The influenza virus is responsible for yearly epidemics that account for approximately 650,000 deaths worldwide, despite vaccines being widely available. Novel vaccine technologies targeting CD8+ T cells are attractive as they are known to recognise conserved peptides of influenza viruses. This is significant as we can target several influenza strains in single a vaccine.
Activating CD8+ T cells require peptides to be presented by the highly polymorphic Human Leukocyte Antigen class I (HLA-I) molecules. These different HLA-I molecules have different peptide-binding preferences, making peptide selection for inclusion in a vaccine difficult. However, several HLA-I molecules have similar peptide presenting preferences and these are
grouped into superfamilies.
Targeting peptides presented by several HLA-I molecules in future vaccines may enhance our capacity to induce protection across several broad and diverse populations. We investigated this phenomenon in the HLA-B44 superfamily using the NS1195-203, which is known to induce CD8+ T cell responses in HLA-B*44:03 individuals.
Using in silico computer predictions, we first visualised how the different HLA-I molecules were presenting the peptide. We identified that HLA-B*44:02 and HLA-B*44:03 were most likely to present NS1195-203 to T cells.

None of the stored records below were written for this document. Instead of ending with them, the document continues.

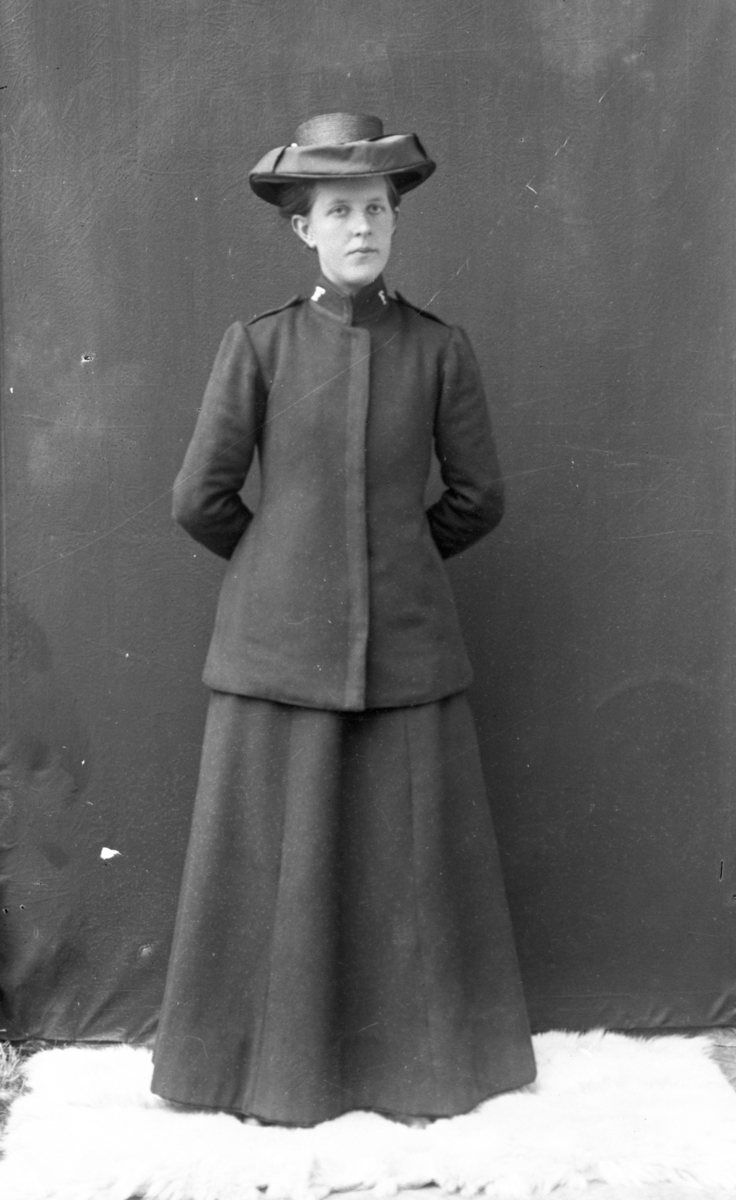 Atelierfoto. Helfigur. En kvinne med hendene på ryggen i uniform fra Frelsesarméen.
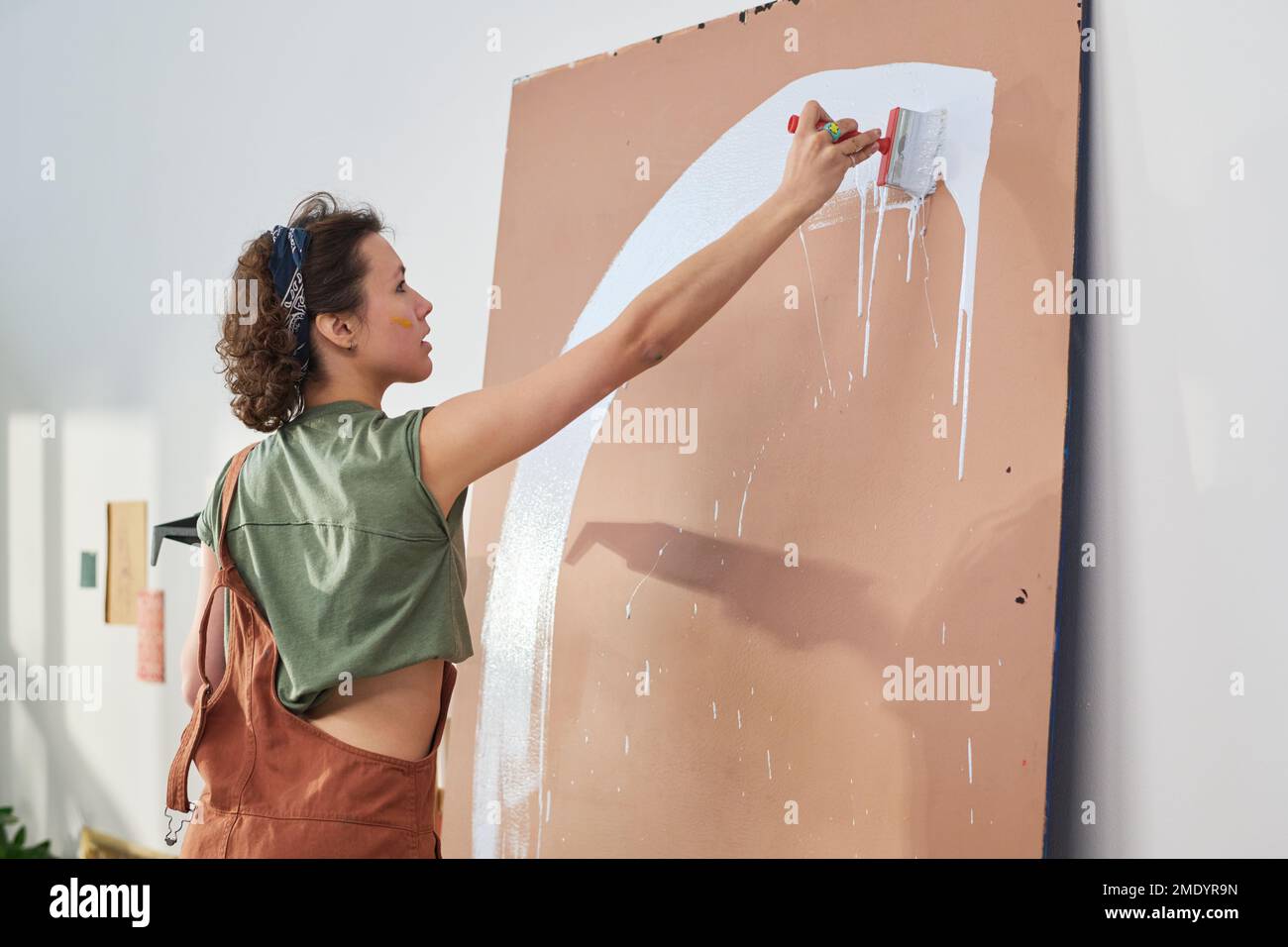 Eine junge, inspirierte Kunsthandwerkerin in Freizeitkleidung, die Pinsel und weiße Farbe verwendet und neue Kunstwerke auf dem Bedienfeld vor der Kamera kreiert Stockfoto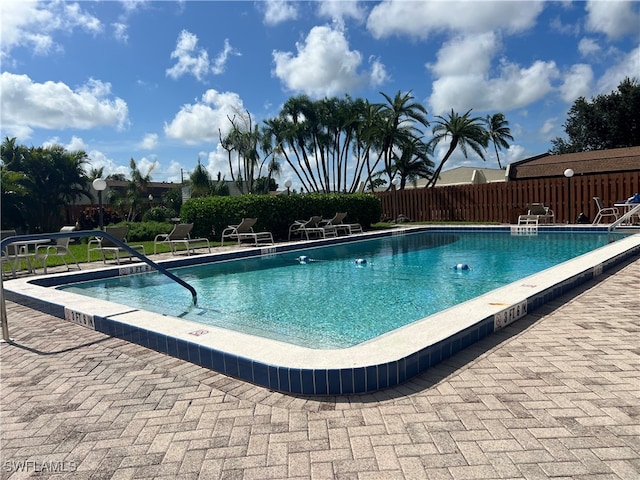 view of pool featuring a patio area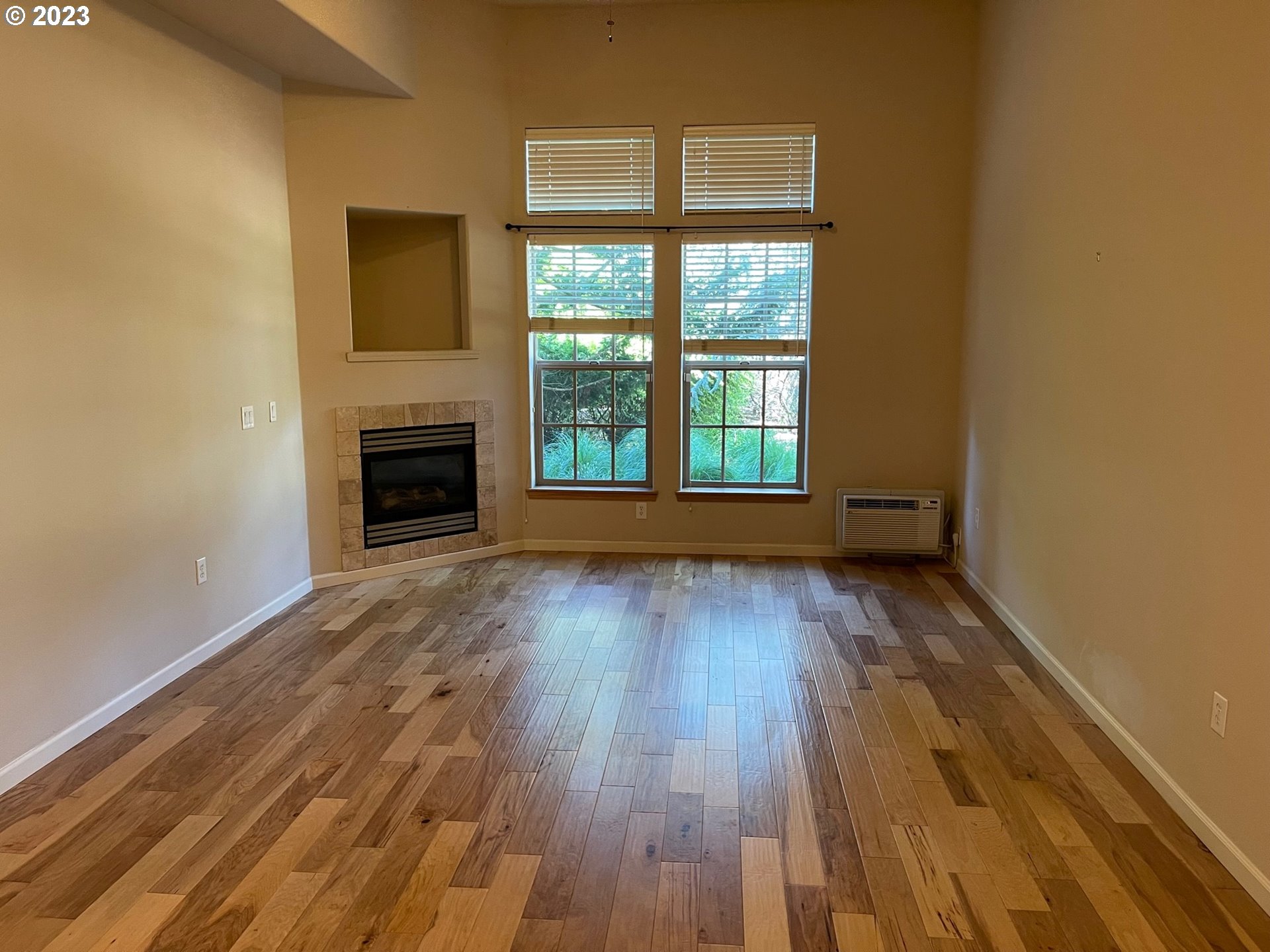 20512 Southwest Roy Rogers Road, Unit 112 Sherwood, OR 97140 - Photo 10 of 18 a view of empty room with wooden floor and fireplace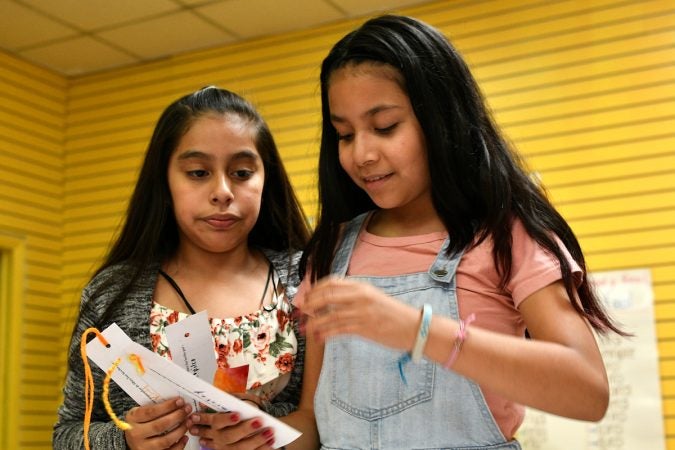 Alma, 11, and Yaretzy, 11, made bookmarks at Mighty Writers El Futuro in South Philadelphia. (Bastiaan Slabbers for WHYY)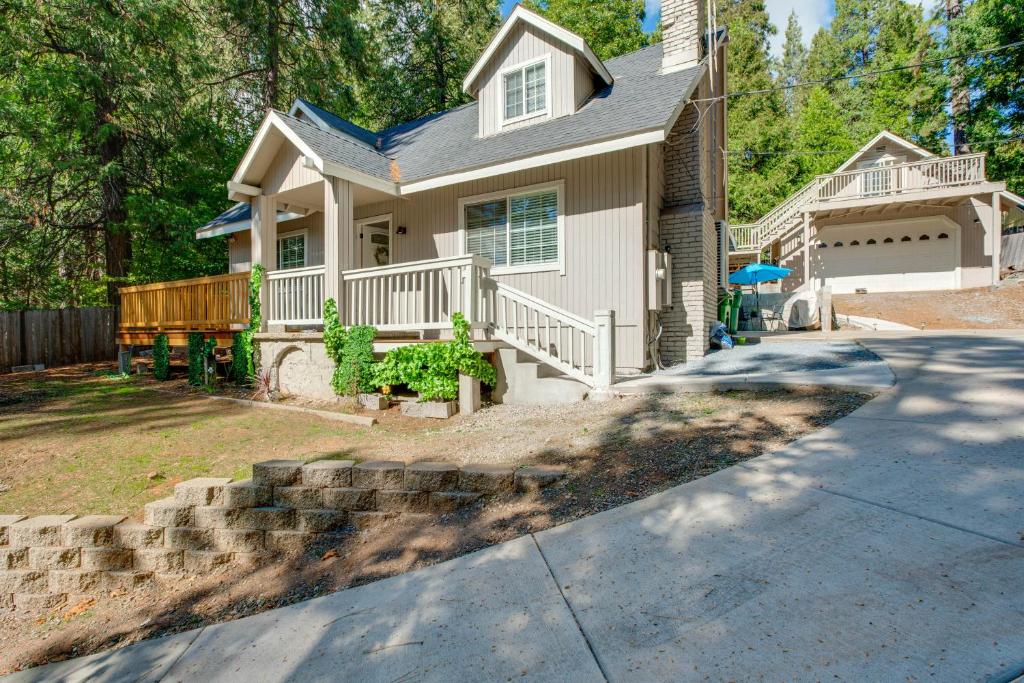 a house with a porch and a driveway at Hot Tub and Game Room Luxe Cabin, Day Trip to Tahoe in Pollock Pines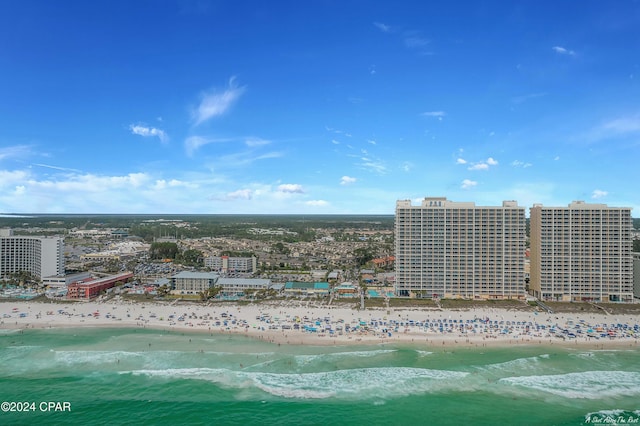 aerial view with a water view and a beach view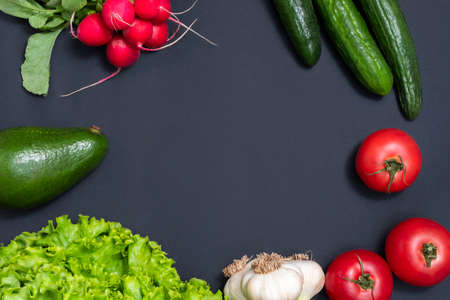 Raw fresh vegetables on black background with copy space. Alkaline diet conceptの写真素材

We then used T cell activation assays to assess whether the NS1195-203 peptide induces CD8+ T cell responses in individuals with the different HLA-I molecules. We found that only HLA-B*44:03+ and HLA-B*44:02+ individuals had any measurable CD8+ T cell response, in line with our structural predictions.
These data suggests that although peptides can be presented by multiple HLAs in the same HLA-I superfamily, it may not induce any, or the same level of response. This therefore warrants further investigation into other peptides to assess whether we should target HLA superfamilies or future therapeutics.